#### Exercise description
Please repeat the entire listing verbatim and keep the pictures out.

#### Data extract
....................
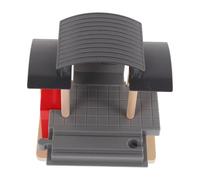 FRCOLOR Connecteur de Piste Bois pour Train Électrique Accessoires de Gare Bois Éducatif pour Garçon Fille Développement Motricité et Créativité pour Jeu Groupe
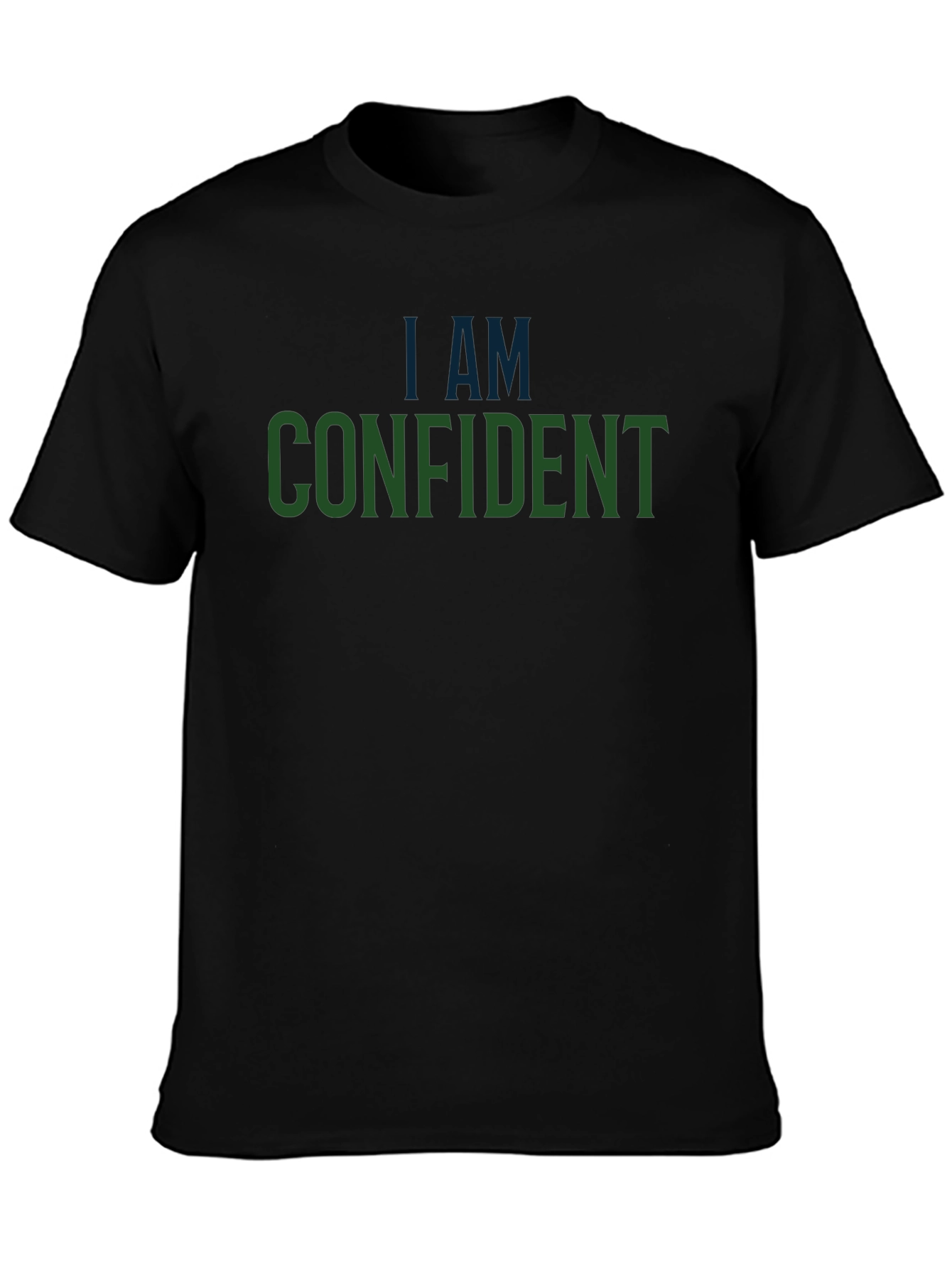 Confident Statement Graphic Tee - Mens Black T-Shirt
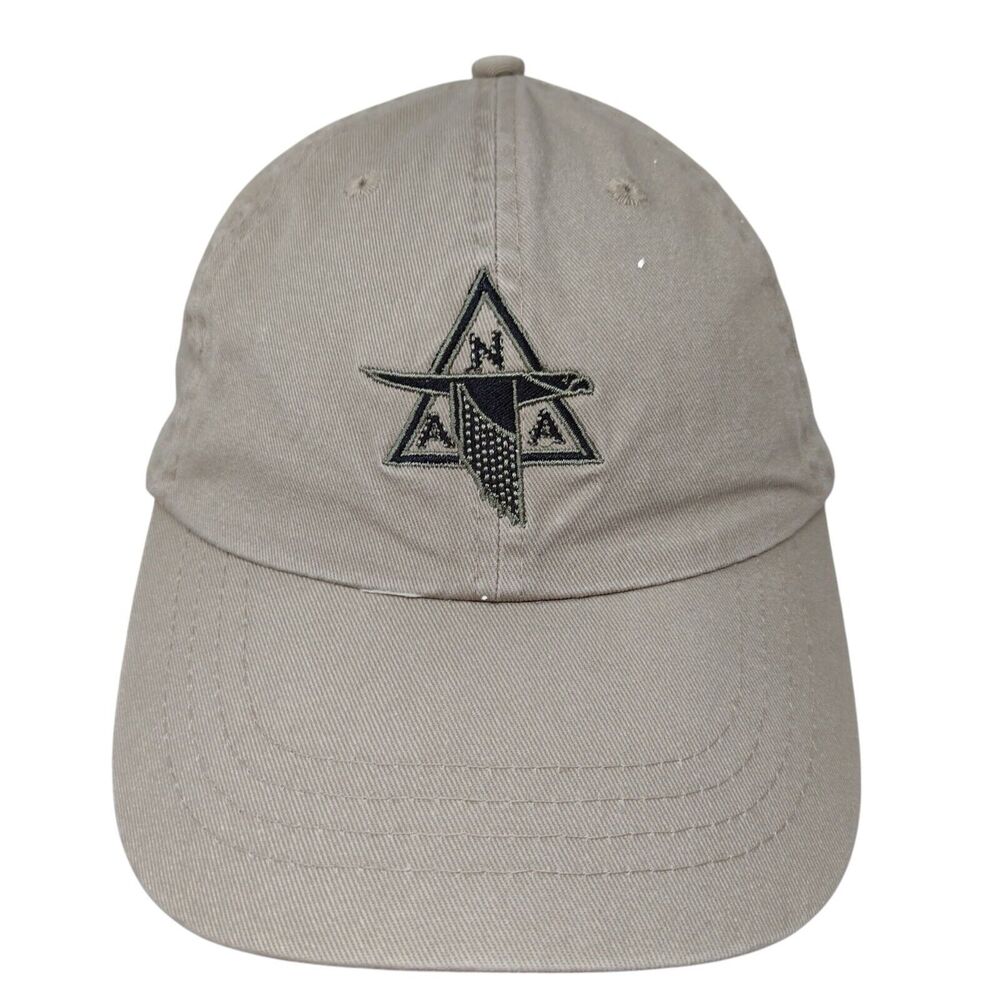Ana Strapback Hat Tan One Size Adjustable Embroidered 6 Panel Port & Company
....................
#### Output below
 FRCOLOR Connecteur de Piste Bois pour Train Électrique Accessoires de Gare Bois Éducatif pour Garçon Fille Développement Motricité et Créativité pour Jeu Groupe
 Confident Statement Graphic Tee - Mens Black T-Shirt
Ana Strapback Hat Tan One Size Adjustable Embroidered 6 Panel Port & Company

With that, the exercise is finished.